Task goal » Repeat the lines of the data exactly, from the first one through the one that contains "Ice Cube Tray".

====== Task inputs ======

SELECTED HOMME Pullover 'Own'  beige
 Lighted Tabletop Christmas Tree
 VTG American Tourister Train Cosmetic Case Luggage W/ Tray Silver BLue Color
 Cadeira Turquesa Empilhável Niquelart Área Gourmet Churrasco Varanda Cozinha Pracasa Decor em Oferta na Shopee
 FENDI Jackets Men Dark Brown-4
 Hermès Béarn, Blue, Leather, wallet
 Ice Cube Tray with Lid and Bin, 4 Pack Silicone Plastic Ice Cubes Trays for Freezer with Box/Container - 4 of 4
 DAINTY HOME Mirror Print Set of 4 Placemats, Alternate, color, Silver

======

Reply to the exercise »
SELECTED HOMME Pullover 'Own'  beige
 Lighted Tabletop Christmas Tree
 VTG American Tourister Train Cosmetic Case Luggage W/ Tray Silver BLue Color
 Cadeira Turquesa Empilhável Niquelart Área Gourmet Churrasco Varanda Cozinha Pracasa Decor em Oferta na Shopee
 FENDI Jackets Men Dark Brown-4
 Hermès Béarn, Blue, Leather, wallet
 Ice Cube Tray with Lid and Bin, 4 Pack Silicone Plastic Ice Cubes Trays for Freezer with Box/Container - 4 of 4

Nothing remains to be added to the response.